Obviously, not all dealerships are like that and there can be very honest company cultures and salespeople out there, but the key to making sure that doesn’t happen is to come prepared

The biggest favor you can do for yourself is not depending on dealer financing. Savvy car shoppers go to the bank or credit union first and you’ll see why. 

11 Car Dealer Tricks to Avoid

When you know exactly what you want, how much you want to pay for it, and what rate your limits are on the specifics, your trip to the auto dealer will be much easier. Keeping an eye out for the tactics we’re diving into will be quick to spot and defend against. 

Keep in mind that there are other psychological strategies in play too: 

  • Making you wait or delaying the process
  • Playing the good guy, bad guy act between the car salesman and sales manager
  • Pressing the urgency of buying now

All of these can wear you down throughout the process and make it easier for the dealer to make their money. 

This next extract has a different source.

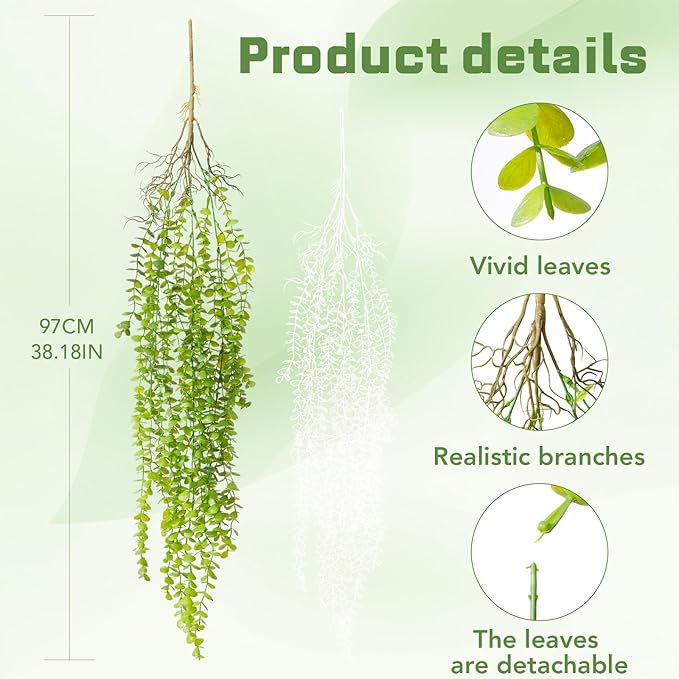 4 Pack Fake Hanging Plants - Image 3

Lying About the Rate That Your Credit Score Qualifies You For

If you don’t know your credit score, then you might not be familiar with the average rate you qualify for with your credit history. Dealers sometimes capitalize on this by raising the interest rate on your new vehicle. 

In some cases, a salesman will imply that your credit score is worse than it is so they can justify charging a higher interest rate.

Prep for your trip to the dealership by pulling your credit score the day before and researching the interest rates for people with similar scores to yours so you aren’t giving away your hard-earned money.

If you don’t know what is a good credit score to buy a car, you can do some research. 

You can also check out the myFICO Loan Savings Calculator for an estimate of what you should be paying in interest based on your credit score. 

The best way to avoid this is by starting your car shopping process by pre-qualifying with multiple lenders to find the best auto loan rates. Then you can get an auto financing pre-approval and show up at the dealership as a cash buyer. 

Rushed Signing Process

When you speed through anything in life, you’re likely to miss a few things. The same is true with the car buying process. 

After being kept in the dealership for hours, it can be tempting to want to sign the papers as quickly as possible so you can do something else with your day, but rushing it might cost you later. 

You should be asking questions about the costs associated with your vehicle loan and what the additional terms and agreements are. If they’re not willing to answer your questions, get someone who can and don’t sign until they’re answered. 

By rushing the signing process, you could miss out on important information like your money factor, added fees, and other dealer tricks. 

And you should never sign off on forms that are incomplete or incorrect. Once you’ve signed it, it’s official and you’ll likely be stuck with the arrangement you signed off on even if it’s not the one you thought you were getting. 

Bait and Switch Offer

There are two common bait and switch tactics when you get to the dealership. The first happens before you even step onto the lot.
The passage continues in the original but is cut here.